Sonu gelen ayın özeti, devlet babanın temellerini attığı söylenen şeyin barıştan başka her şeye benzediğini söylüyor bize:
DEM Parti’ye yönelik adli-polisiye-idari saldırılar berdevam, kayyım kayyım üstüne seçmen iradesi çalınıyor.
- Altı Kürt gazeteci daha “terör” denilerek hapse atıldı.
- İstanbul Barosu yönetim kurulu üyesi Av. Fırat Epözdemir daha önce takipsizlik verilmiş bir dosya bahane edilerek, delil filan gösterilmeden tutuklandı. Zaten Baro’nun kendisi de yeni bir serbest atış hedefi çünkü başkan İbrahim Kaboğlu, Kürt avukatlarla kurulan bir ittifak neticesinde seçildi.
- Ana muhalefet partisinin belediye başkanları, İBB Başkanı İmamoğlu dahil poligondaki hedef kartonları gibi hukuk görünümlü siyasi ateş altında. İmamoğlu’na peş peşe soruşturma açılıyor, “Bilirkişi tarafsız” dediği için bile soruşturuluyor.

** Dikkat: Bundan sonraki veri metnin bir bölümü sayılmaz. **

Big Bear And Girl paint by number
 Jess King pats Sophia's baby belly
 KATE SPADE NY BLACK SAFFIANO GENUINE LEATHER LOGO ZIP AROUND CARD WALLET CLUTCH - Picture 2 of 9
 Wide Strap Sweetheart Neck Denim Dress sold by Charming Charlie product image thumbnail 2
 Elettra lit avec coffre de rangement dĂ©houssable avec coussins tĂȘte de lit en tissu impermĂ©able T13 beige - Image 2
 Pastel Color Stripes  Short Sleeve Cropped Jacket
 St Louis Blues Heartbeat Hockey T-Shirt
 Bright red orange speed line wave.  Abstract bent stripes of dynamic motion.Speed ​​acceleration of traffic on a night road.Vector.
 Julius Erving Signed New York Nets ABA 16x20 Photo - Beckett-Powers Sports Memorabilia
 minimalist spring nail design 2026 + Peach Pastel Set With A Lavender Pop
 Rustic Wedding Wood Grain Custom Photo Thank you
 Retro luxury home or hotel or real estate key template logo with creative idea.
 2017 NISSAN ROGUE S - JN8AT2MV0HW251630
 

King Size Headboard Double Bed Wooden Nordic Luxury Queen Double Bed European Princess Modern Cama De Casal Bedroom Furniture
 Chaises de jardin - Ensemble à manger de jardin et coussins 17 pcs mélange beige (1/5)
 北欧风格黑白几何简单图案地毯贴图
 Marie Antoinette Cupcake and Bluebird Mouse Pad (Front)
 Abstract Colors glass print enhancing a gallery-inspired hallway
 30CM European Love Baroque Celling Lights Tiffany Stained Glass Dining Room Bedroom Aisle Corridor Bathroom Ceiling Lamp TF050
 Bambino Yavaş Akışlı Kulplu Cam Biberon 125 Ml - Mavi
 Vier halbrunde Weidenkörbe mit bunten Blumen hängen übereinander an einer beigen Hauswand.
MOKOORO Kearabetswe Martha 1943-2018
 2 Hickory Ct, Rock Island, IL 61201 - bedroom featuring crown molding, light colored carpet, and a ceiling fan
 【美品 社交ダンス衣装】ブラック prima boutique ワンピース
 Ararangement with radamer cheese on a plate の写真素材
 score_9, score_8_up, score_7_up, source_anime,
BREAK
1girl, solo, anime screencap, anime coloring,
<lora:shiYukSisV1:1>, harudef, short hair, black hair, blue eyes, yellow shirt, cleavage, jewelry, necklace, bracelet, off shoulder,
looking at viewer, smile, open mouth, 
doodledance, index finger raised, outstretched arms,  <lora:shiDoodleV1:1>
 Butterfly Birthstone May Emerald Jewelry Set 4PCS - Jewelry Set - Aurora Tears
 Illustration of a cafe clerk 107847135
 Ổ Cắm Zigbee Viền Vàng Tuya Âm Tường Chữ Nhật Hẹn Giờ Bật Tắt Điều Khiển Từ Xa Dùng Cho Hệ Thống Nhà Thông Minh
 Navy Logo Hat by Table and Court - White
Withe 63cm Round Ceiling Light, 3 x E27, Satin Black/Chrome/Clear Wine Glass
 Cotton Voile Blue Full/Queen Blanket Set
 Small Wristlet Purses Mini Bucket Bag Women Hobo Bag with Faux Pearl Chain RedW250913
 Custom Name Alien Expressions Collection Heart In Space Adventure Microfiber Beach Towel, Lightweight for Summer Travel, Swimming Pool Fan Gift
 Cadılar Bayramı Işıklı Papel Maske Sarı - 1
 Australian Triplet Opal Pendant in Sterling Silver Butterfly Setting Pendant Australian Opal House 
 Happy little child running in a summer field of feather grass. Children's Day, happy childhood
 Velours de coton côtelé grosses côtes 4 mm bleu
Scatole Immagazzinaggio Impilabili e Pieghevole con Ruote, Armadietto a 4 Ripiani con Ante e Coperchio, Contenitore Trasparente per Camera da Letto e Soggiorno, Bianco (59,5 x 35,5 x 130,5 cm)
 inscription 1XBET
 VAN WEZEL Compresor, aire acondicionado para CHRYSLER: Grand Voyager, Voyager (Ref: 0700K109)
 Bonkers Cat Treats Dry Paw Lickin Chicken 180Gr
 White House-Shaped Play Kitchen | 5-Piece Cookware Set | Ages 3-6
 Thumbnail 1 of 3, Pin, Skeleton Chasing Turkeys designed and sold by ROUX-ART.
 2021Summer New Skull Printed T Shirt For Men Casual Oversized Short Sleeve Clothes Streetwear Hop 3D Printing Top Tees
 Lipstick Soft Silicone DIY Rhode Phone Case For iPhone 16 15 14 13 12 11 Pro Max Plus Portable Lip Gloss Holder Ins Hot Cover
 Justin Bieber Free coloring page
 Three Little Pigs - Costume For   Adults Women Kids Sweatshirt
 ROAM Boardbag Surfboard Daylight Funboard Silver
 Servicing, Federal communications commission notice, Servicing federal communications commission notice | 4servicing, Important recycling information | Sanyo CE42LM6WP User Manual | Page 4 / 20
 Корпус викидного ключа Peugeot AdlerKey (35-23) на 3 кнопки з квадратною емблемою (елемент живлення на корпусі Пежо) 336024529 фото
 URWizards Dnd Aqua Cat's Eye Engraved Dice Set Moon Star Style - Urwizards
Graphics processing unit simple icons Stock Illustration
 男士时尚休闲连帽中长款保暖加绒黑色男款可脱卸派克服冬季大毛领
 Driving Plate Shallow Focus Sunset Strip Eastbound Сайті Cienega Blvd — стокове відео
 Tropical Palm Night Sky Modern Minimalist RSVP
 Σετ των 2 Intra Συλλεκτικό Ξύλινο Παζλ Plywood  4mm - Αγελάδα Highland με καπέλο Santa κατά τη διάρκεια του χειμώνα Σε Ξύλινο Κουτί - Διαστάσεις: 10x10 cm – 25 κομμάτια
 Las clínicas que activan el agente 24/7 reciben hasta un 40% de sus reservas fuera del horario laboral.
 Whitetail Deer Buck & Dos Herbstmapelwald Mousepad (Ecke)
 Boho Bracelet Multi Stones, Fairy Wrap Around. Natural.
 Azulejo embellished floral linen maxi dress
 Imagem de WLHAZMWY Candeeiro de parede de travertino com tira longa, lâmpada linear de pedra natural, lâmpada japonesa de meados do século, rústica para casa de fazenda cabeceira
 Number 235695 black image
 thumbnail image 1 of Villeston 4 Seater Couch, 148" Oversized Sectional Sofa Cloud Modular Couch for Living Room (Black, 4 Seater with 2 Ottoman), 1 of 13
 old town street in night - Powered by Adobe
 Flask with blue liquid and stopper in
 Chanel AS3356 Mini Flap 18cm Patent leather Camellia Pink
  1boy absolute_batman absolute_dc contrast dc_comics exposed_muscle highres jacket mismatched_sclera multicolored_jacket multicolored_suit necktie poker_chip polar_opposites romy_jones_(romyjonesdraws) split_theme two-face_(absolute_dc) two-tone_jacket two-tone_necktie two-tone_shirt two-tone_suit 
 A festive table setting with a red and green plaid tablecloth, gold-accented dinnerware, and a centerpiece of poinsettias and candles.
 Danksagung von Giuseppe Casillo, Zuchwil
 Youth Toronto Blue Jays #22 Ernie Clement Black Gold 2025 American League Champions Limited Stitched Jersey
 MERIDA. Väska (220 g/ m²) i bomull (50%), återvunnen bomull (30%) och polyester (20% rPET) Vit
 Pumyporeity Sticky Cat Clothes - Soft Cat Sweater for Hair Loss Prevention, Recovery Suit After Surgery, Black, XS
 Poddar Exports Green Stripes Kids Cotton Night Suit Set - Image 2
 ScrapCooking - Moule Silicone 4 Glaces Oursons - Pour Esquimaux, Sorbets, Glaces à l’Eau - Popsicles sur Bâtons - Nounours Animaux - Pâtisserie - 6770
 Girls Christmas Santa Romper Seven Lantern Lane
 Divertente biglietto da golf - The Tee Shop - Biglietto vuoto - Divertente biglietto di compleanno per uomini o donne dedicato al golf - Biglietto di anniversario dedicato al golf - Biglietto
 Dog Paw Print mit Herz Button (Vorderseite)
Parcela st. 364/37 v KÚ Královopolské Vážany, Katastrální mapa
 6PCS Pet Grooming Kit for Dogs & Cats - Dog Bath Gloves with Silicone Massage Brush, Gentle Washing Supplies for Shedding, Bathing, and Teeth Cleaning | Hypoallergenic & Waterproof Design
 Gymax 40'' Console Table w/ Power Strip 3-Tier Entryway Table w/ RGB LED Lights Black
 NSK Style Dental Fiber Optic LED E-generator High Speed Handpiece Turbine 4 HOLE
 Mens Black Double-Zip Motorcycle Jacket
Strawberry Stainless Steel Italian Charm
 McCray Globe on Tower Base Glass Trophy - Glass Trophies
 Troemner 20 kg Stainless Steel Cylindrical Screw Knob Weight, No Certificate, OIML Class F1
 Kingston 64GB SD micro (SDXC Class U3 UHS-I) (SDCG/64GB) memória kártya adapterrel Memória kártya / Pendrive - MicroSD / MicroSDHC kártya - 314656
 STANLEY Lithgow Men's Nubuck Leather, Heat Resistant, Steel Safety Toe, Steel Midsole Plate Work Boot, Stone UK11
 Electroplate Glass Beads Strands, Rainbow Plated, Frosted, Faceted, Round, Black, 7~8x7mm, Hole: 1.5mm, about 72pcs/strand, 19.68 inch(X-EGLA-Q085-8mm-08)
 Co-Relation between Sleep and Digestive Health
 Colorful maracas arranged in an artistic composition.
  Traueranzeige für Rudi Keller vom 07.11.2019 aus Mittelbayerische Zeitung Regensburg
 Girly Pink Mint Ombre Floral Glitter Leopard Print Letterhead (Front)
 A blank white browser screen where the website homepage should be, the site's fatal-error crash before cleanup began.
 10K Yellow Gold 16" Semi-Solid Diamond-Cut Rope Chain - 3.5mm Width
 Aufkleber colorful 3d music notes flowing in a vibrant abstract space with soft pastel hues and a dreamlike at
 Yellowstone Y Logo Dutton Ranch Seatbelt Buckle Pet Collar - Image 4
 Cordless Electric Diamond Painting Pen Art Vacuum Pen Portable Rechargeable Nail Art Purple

- Aynı çatışma sahasında ülkenin en büyük televizyon kanallarından birinin yayın yönetmeni tutuklandı, suç olmayan bir fiil nedeniyle.
- Dizi-sinema sektöründe “tekelleşme” martavalıyla koparılan gürültü “hükümeti ortadan kaldırma” sinsiliğiyle siyasi davaya dönüştürüldü, Ayşe Barım tutuklandı. “Gezi eylemlerine biz kendimiz gittik, Ayşe Barım yönlendirmedi” diye ifade veren iki oyunca (Halit Ergenç ve Rıza ) “yalan şahitlik”ten soruşturuluyor.
Bütün bunlar olurken rejimin ve onun mecbur bıraktığı toplumsal koşulların karakterini en iyi sergileyen bir facia meydana geldi: Tek gayesi parası olanlara daha çok para kazandırmak olan rejimin denetimsizliğe ve vurdumduymazlığa dayalı idare biçimi nedeniyle bir otelde çıkan yangıdan 79 kişi can verdi. En son “bilirkişi” meselesi bir başka hukuk (ve gazetecilik) faciasına dönüştü.
Alıştığımız, bildiğimiz durumlar devam ediyor denilebilir ama bu “devam” rutin devam değil, nitelik değişiklikleriyle sürüyor: Bilirkişi meselesinde hem gazetecilik anlayışı hem de hukuk açısından, Ayşe Barım ve Fırat Epözdemir meselesinde hukuk açısından “şimdiye kadar görülmemiş” şeyler oldu. Daha beteri yok diyecekken, “Beterin beteri var” lafı bir daha doğrulanıyor. Bu iki meseleyi ele aldıktan sonra “barış” meselesine döneceğim. En sondan başlayacağım, “Yaptıkları gazetecilik değil, izinsiz kayıt suçtur” teranesinden.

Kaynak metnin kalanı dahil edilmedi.